Lo studio si basava sul progetto BAMSE, abbreviazione svedese per bambini, allergia, ambiente, Stoccolma, epidemiologia, è una coorte di nascita prospettica, longitudinale e in corso basata sulla popolazione, che comprende 4089 bambini nati tra il 1994 e il 1996 a Stoccolma, in Svezia.

Gli scienziati, collegando questi dati al National Registry of Communicable Diseases (SMInet), hanno identificato 425 persone risultate positive al SARS-CoV-2 (tramite test PCR) tra maggio 2020 e fine marzo 2021. L'età media dei partecipanti era di 26 anni e il 54% di loro erano donne.

Le concentrazioni giornaliere all'aperto di diversi inquinanti negli indirizzi corrispondenti alle case dei partecipanti sono state stimate utilizzando modelli di dispersione. I contaminanti studiati erano particelle con un diametro inferiore a 10 micrometri (PM10) e 2,5 micrometri (PM2.5), carbonio nero e ossidi di azoto.

I ricercatori hanno studiato le associazioni tra infezione ed esposizione ai contaminanti nei giorni precedenti il test PCR positivo, il giorno del test e nei successivi giorni di controllo. Ogni partecipante è stato il proprio controllo in queste diverse occasioni. I risultati ottenuti hanno mostrato associazioni tra il rischio di infezione e l'esposizione a PM10 e PM2,5 due giorni prima di un test positivo e l'esposizione al carbonio nero un giorno prima.

Non hanno trovato alcun legame tra il rischio di infezione e gli ossidi di azoto.
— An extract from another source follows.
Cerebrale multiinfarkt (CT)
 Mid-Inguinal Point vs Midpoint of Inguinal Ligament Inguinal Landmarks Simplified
L'associazione osservata non è stata influenzata dal sesso, dal fumo, dal sovrappeso o dall'asma.

L'aumento del rischio è stato di un ordine di grandezza di circa il 7% a causa dell'aumento dell'esposizione al particolato tra il primo trimestre (25%) e il terzo (75%) delle concentrazioni stimate di particolato.

«Il 7% non sembra molto, ma dato che tutti sono più o meno esposti agli inquinanti atmosferici, la partnership può essere di grande importanza per la salute pubblica», ammette Erik Melén, professore di pediatria presso il Dipartimento di Scienze Cliniche e Educazione e leader del BAMSE progetto, nonché autore dello studio.

I ricercatori sottolineano che i risultati potrebbero essere influenzati dalla disponibilità a eseguire un test PCR e dal fatto che molti dei giovani adulti erano asintomatici o presentavano solo sintomi lievi dopo l'infezione. Né lo studio può escludere la possibilità che anche fattori di confusione variabili nel tempo abbiano influenzato i risultati.

Gli specialisti stanno ora facendo progressi nell'analisi tra il legame tra inquinanti atmosferici e sintomi post-COVID-19 nei giovani adulti.